#### Data in this exercise ####

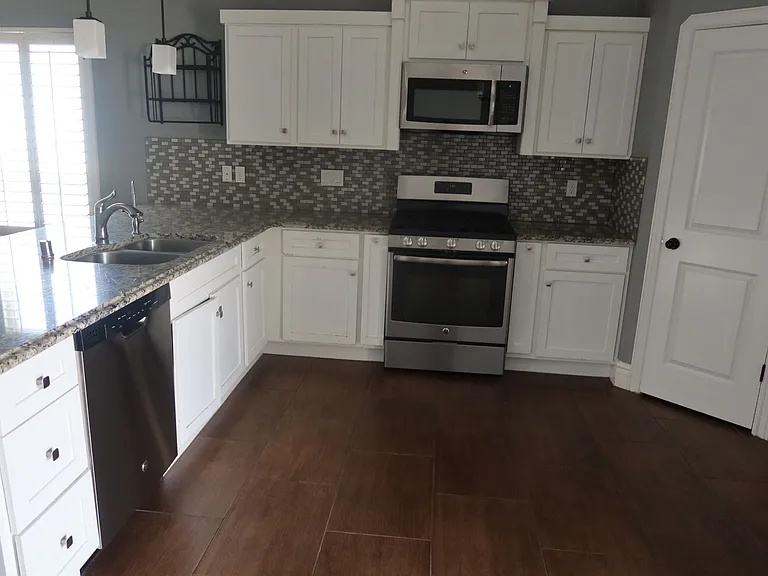 14804 Sunny Land Ave — Photo 7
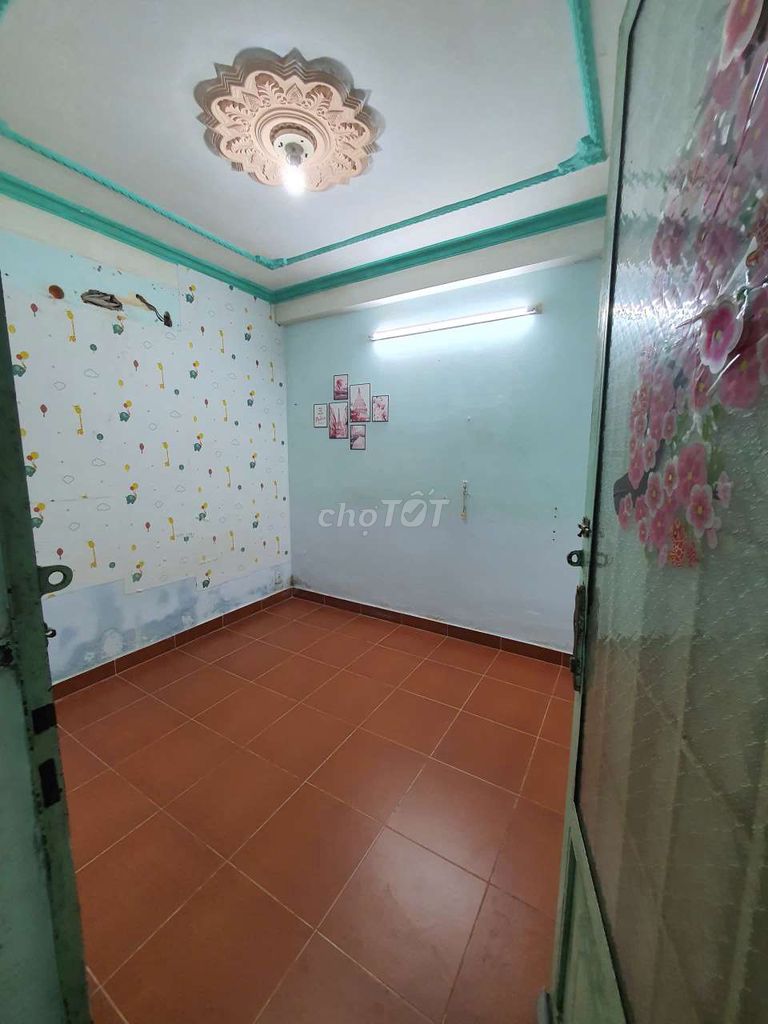 Masters of the House for hire 4 x 14 1 float 2 bedroom 2 toilets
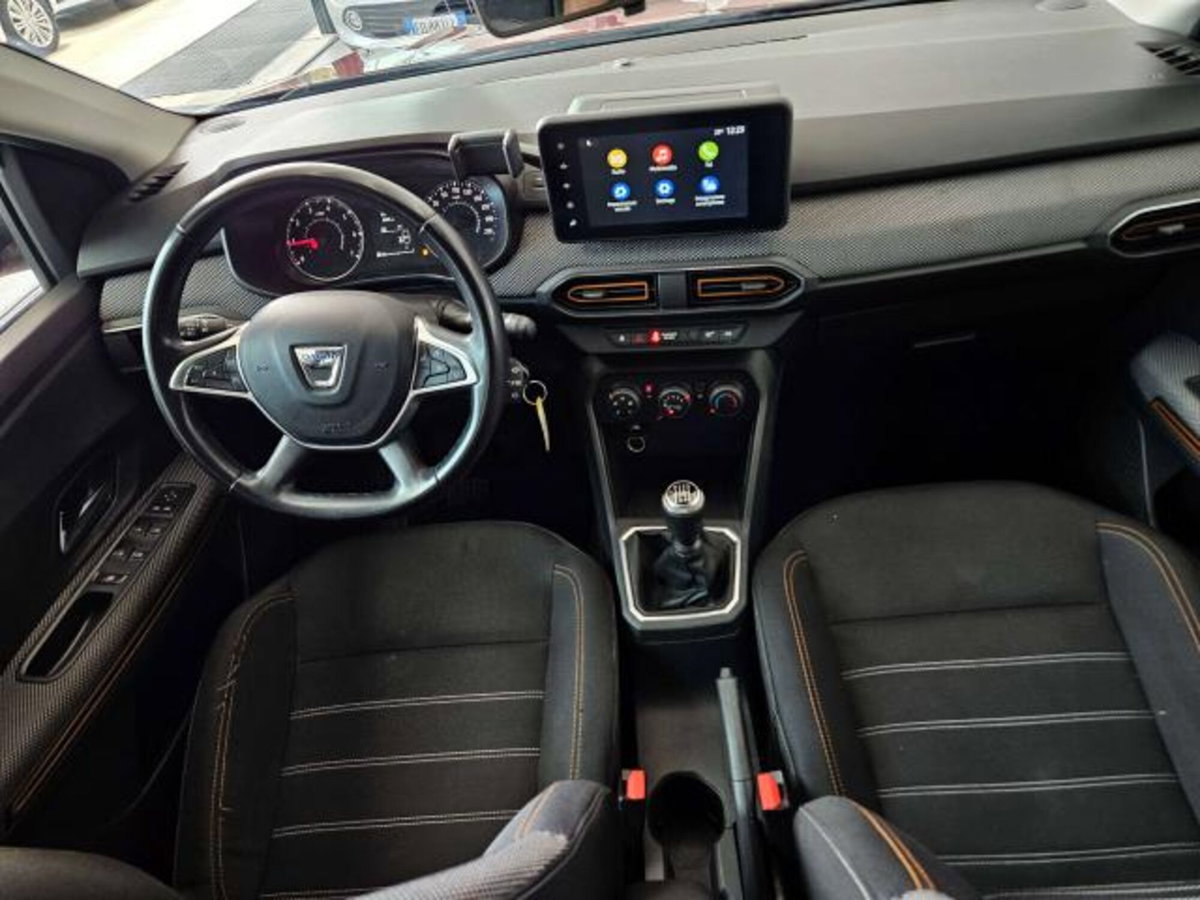 Dacia Sandero Stepway 1.0 TCe 100 CV ECO-G Comfort (7)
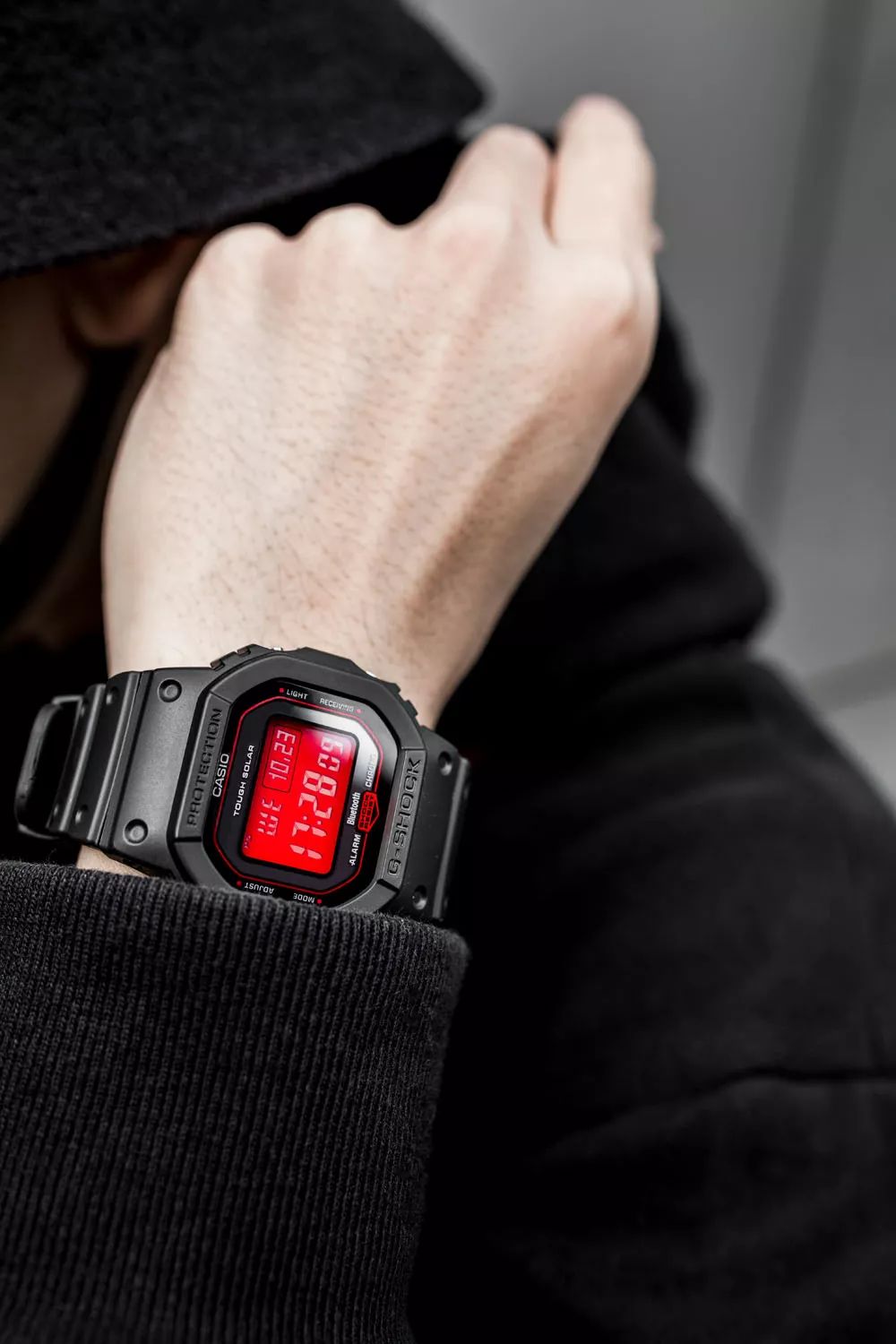 坐拥数千球鞋，满屋潮流玩具！他可能才是国内最潮的明星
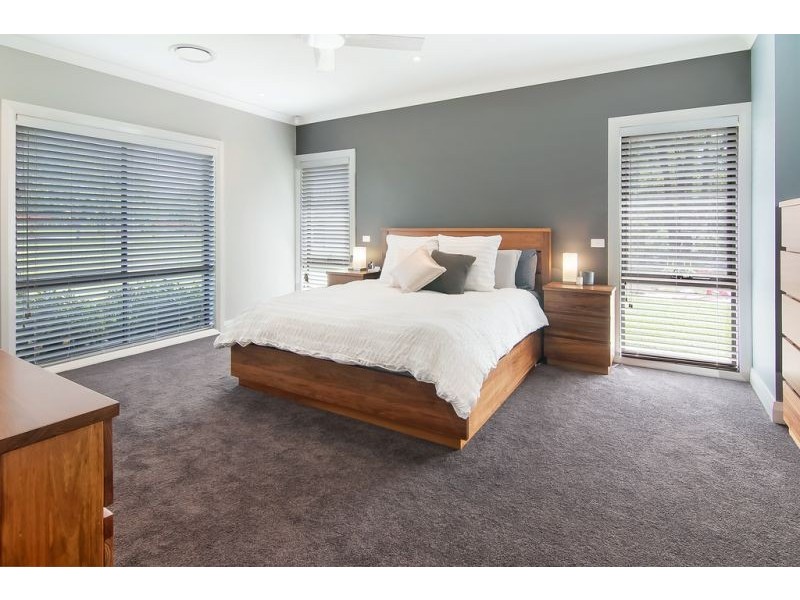 1 Oakford Place, Grose Wold NSW 2753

####

— Task item —
If an entry holds a picture, skip the picture and print the rest of the data exactly.

— Task solution —
 14804 Sunny Land Ave — Photo 7
 Masters of the House for hire 4 x 14 1 float 2 bedroom 2 toilets
 Dacia Sandero Stepway 1.0 TCe 100 CV ECO-G Comfort (7)
 坐拥数千球鞋，满屋潮流玩具！他可能才是国内最潮的明星
 1 Oakford Place, Grose Wold NSW 2753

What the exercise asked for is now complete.